Обстановка создавалась крайне сложная. Для перехода в контрнаступление сил было мало: стратегические резервы только еще формировались на Урале и в Сибири.
30 ноября штаб армии во главе с Г. И. Хетагуровым готовил предложение по закреплению обороны. Наш сосед слева — 1-я Ударная армия — продолжал сосредоточиваться восточнее Дмитрова. По приказу командования фронта 1-й Ударной армии передавался плацдарм на западном берегу канала Москва — Волга, в районе Дмитрова. А в район южнее города начали прибывать соединения 20-й армии.
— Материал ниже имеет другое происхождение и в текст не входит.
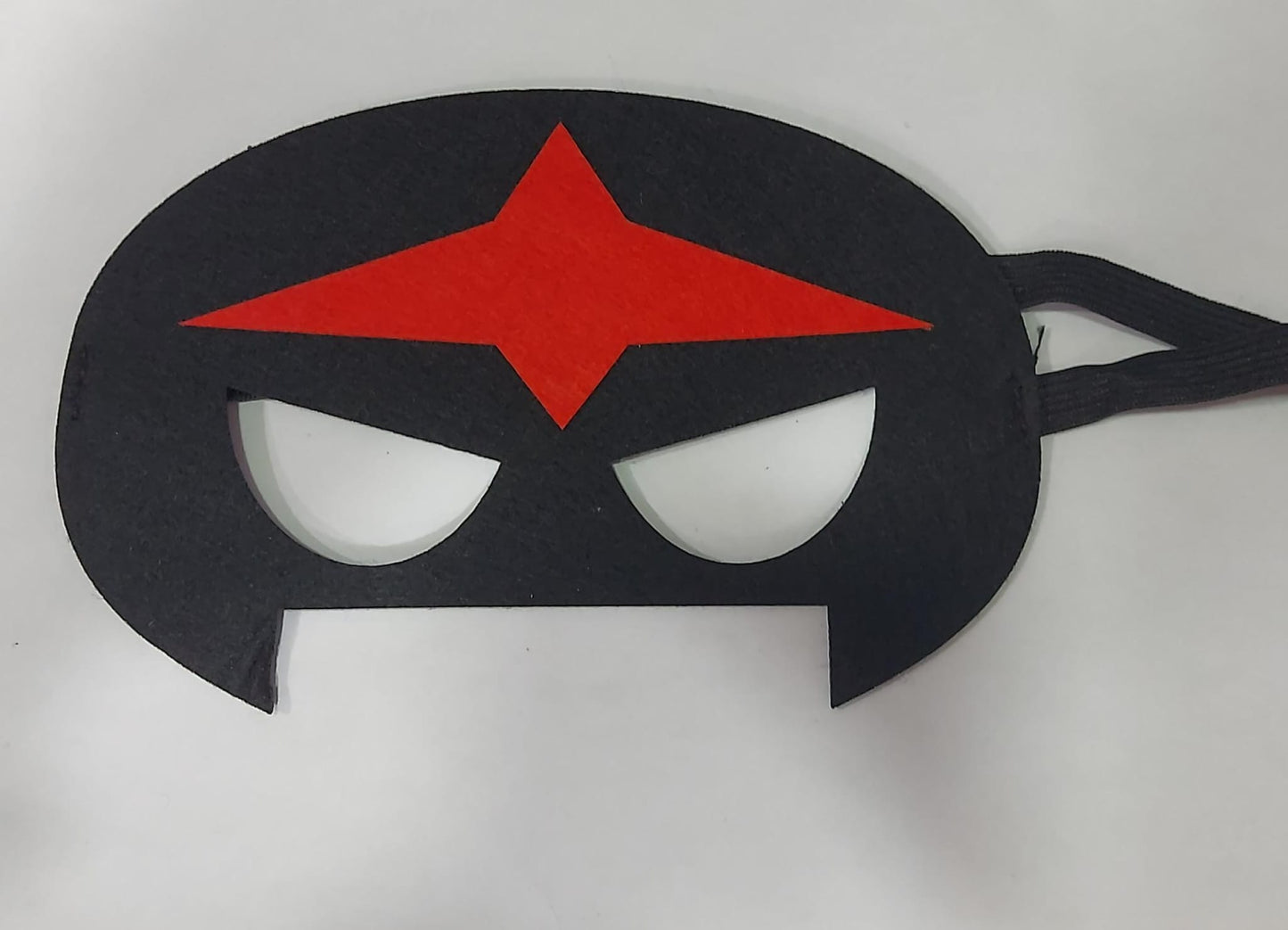 Super Hero Cosplay Mask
Поступало пополнение и в 16-ю армию. На левый фланг Западного фронта подходила новая, 10-я армия.
Частые снегопады и облачность мешали противнику вести воздушную разведку, нам же это было на руку.
Поздно вечером 30 ноября, будучи на КП, мы услышали сильный взрыв со стороны Дмитрова. Это саперы 1-й Ударной взорвали в городе мост через канал. Галицкий добился-таки своего…
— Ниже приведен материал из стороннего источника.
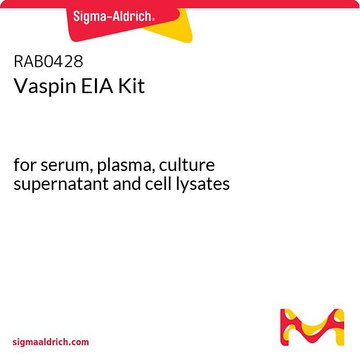 Vaspin EIA Kit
1 декабря меня и члена Военного совета Н. В. Абрамова вызвали в штаб Западного фронта. Приехали в Перхушково.
Командующий фронтом генерал армии Г. К. Жуков ознакомил нас с замыслом Ставки Верховного Главнокомандования и Военного совета Западного фронта. Предстояла наступательная операция большого масштаба, конечная цель которой — разгром немецко-фашистских полчищ под Москвой.
30-я армия должна нанести главный удар по 3-й танковой группе немцев. Для выполнения этой ответственной задачи к нам в армию должны были подойти пять — шесть свежих сибирских и уральских дивизий. Операцию следовало подготовить в строжайшем секрете и в предельно короткие сроки.
Начальник штаба фронта генерал-лейтенант В. Д. Соколовский изложил подробный план контрнаступления. Для разгрома фашистских войск северо-западнее и юго-западнее Москвы создавались две группировки: северная, включавшая 30-ю, 1-ю Ударную, 20-ю и 16-ю армии, и южная в составе 10-й и 50-й армий и Отдельного кавалерийского корпуса. Остальным армиям фронта на первом этапе контрнаступления поручалось наносить удары местного характера.
30-й армии предстояло, наступая от Волжского водохранилища на Клин, ударить во фланг и тыл танковой группировке противника и во взаимодействии с 1-й Ударной армией и войсками левого крыла Калининского фронта окружить и разгромить клинско-рогачевскую группировку гитлеровцев.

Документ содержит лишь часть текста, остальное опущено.